I have a column with strings such as: Posted: 1 day ago, Posted: 2 days ago. I want to convert this column to a column of dates, i.e.: datetime.date(2021, 12, 22), datetime.date(2021, 12, 21).
I tried using regex groups combined with df.replace() to achieve it in a compact operation:
df2 = df.replace({r"Posted: (\d+) days? ago": str(date.today() - timedelta(int(r"\1")))}, regex=True)
but this results in ValueError: invalid literal for int() with base 10: '\\1' error since int() evaluates its input not as a reference to the earlier regex group but as a literal string. Merely just obtaining the matched pattern works fine though, either of the following two would work if I only wanted to preserve the numerical value in the column, instead of translating it to datetime objects:
df2 = df.replace({r"Posted: (\d+) days? ago": "\g<1>"}, regex=True)
df2 = df.replace({r"Posted: (\d+) days? ago": r"\1"}, regex=True)

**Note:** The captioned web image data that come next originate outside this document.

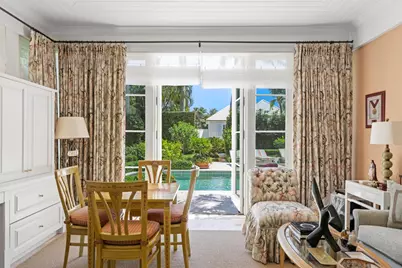 198 Via Marina, Palm Beach, FL 33480 - Photo 29
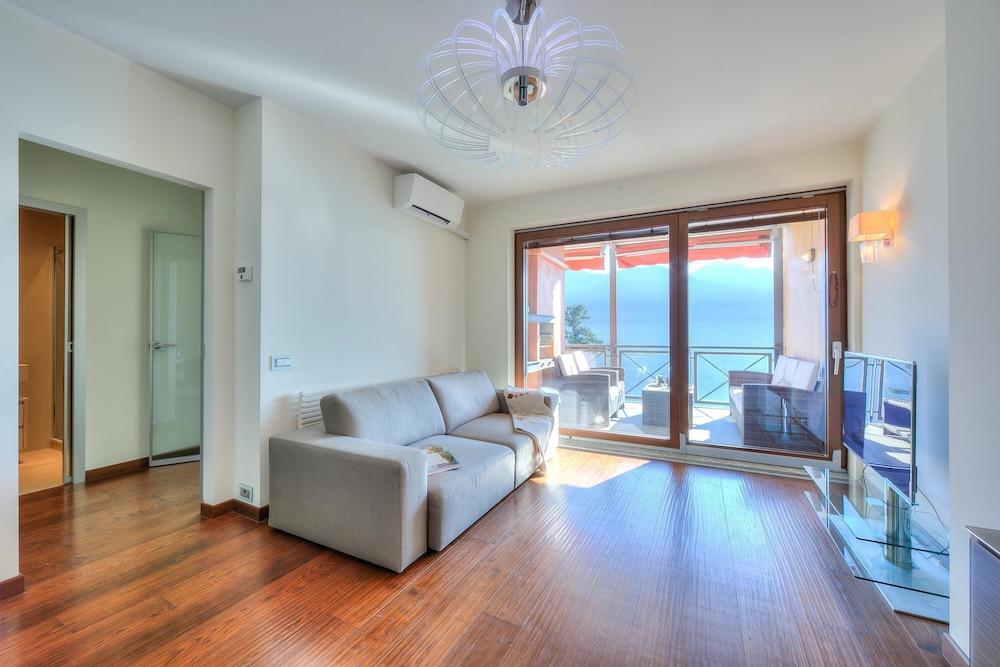 Panorama Fantastico Apt Pool Beach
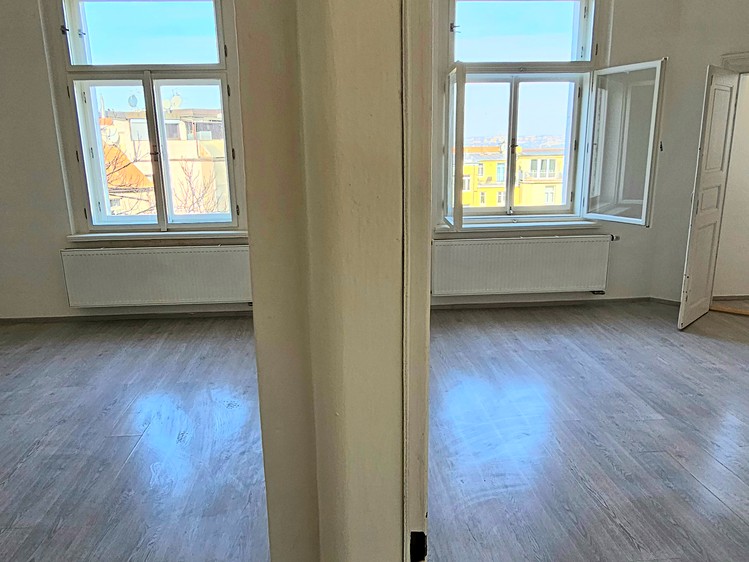 Prodej bytu 3+kk 79 m² - foto 6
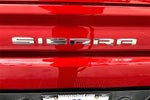 2022 Sierra 1500 Limited Thumbnail 33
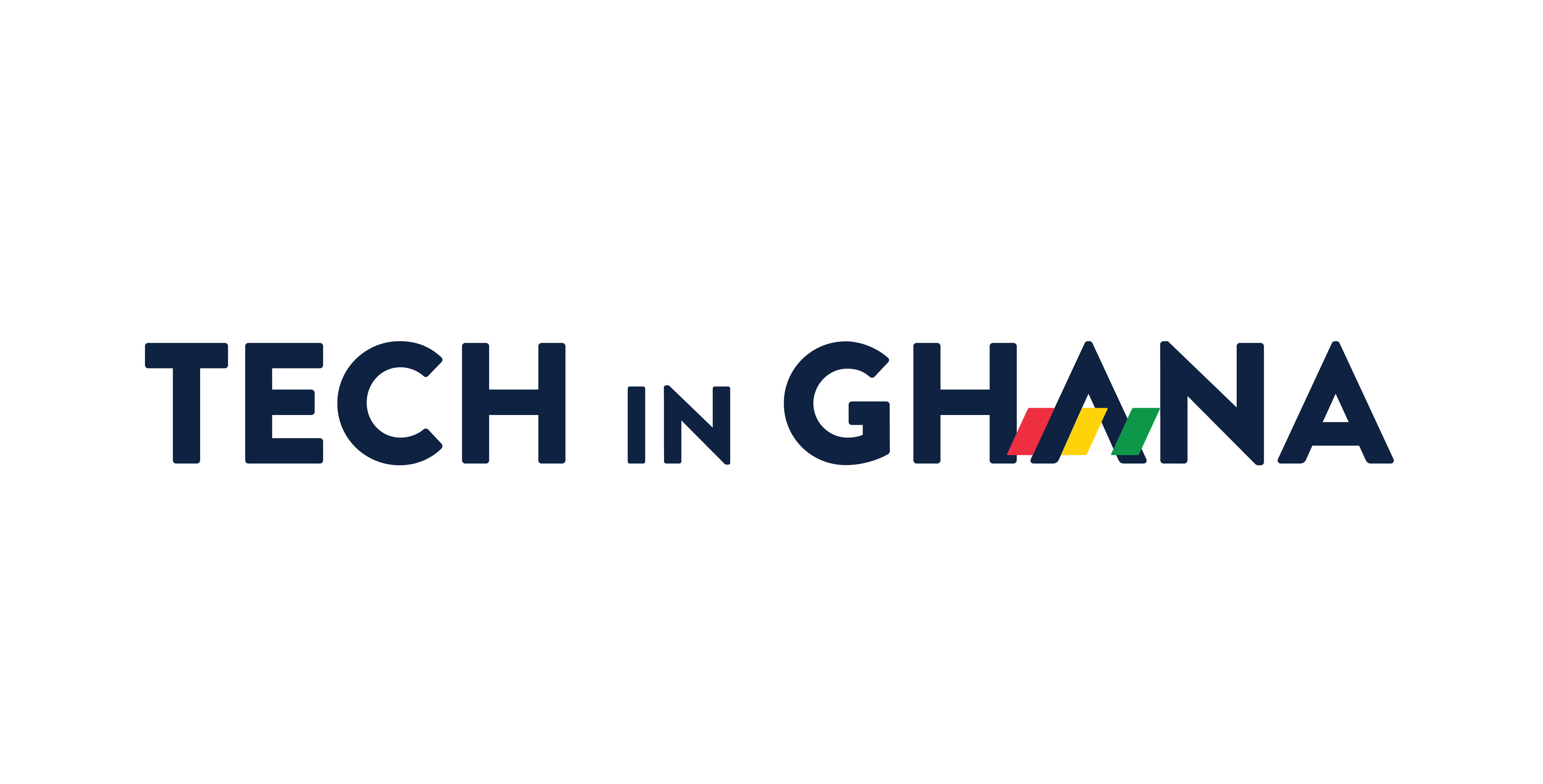 12th edition of Tech in Ghana set to kick off the festive season in Accra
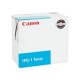 Canon IPQ-1 Cyan Toner - 0398B003AA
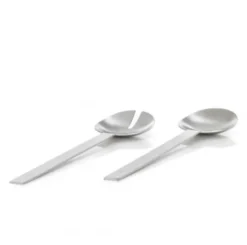 Łyżki Do Sałatek Easy 2 Szt. Blomus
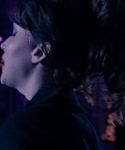 Filename=The_Silver_Linings_Playbook_CAPTURES2_2878129.jpg
Filesize=64KiB
Dimensions=1920x800
Date added=Feb 06, 2014 The_Silver_Linings_Playbook_CAPTURES2_2878129.jpg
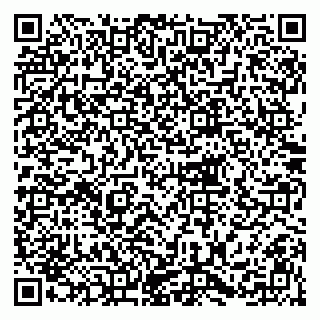 vCard 79216230481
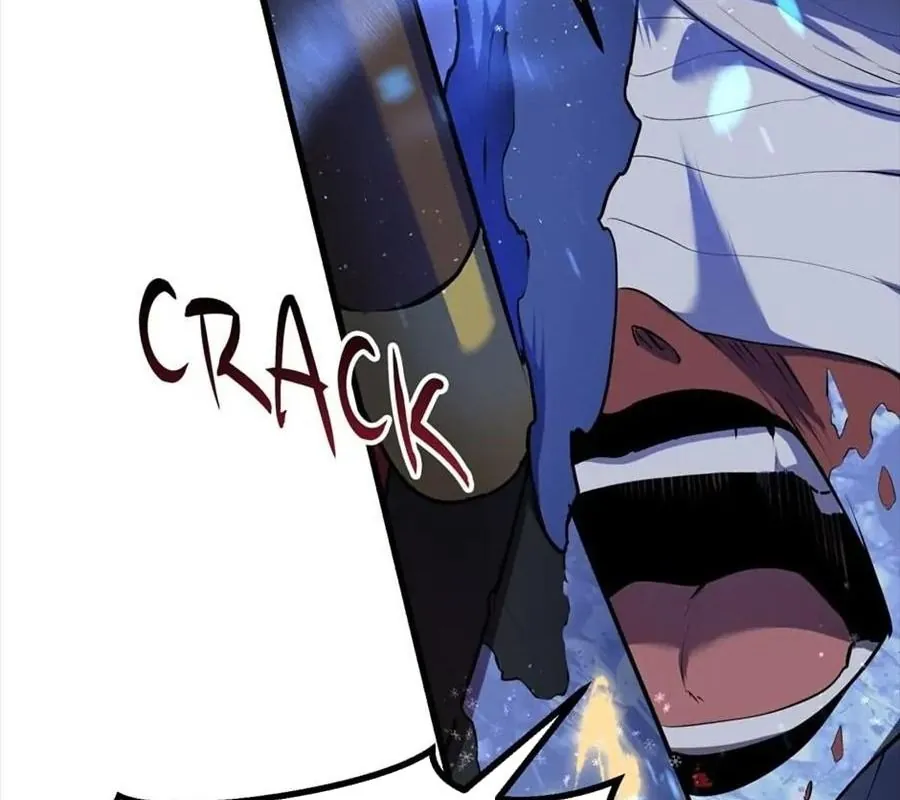 Câu Chuyện Sinh Tồn Của Kiếm Vương Ở Thế Giới Khác - Chương 82 - Trang 144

How can I obtain the referenced regex value to pass it on to timedelta()?
Full code:
import pandas as pd
from datetime import date, timedelta
df = pd.DataFrame(
[['Posted: 1 day ago', 'xa01332cs', 101],
['Posted: 2 days ago', 'd11as99101', 630],
['Posted: 11 days ago', '12011rww1a', 301]
],
columns = ['Date', 'Code', 'Value']
)
def preprocess(df):
#df2 = df.replace({r"Posted: (\d+) days? ago": "\g<1>"}, regex=True) # this works
#df2 = df.replace({r"Posted: (\d+) days? ago": r"\1"}, regex=True) # this works identically to previous row
df2 = df.replace({r"Posted: (\d+) days? ago": str(date.today() - timedelta(int(r"\1")))}, regex=True)
return df2
preprocess(df)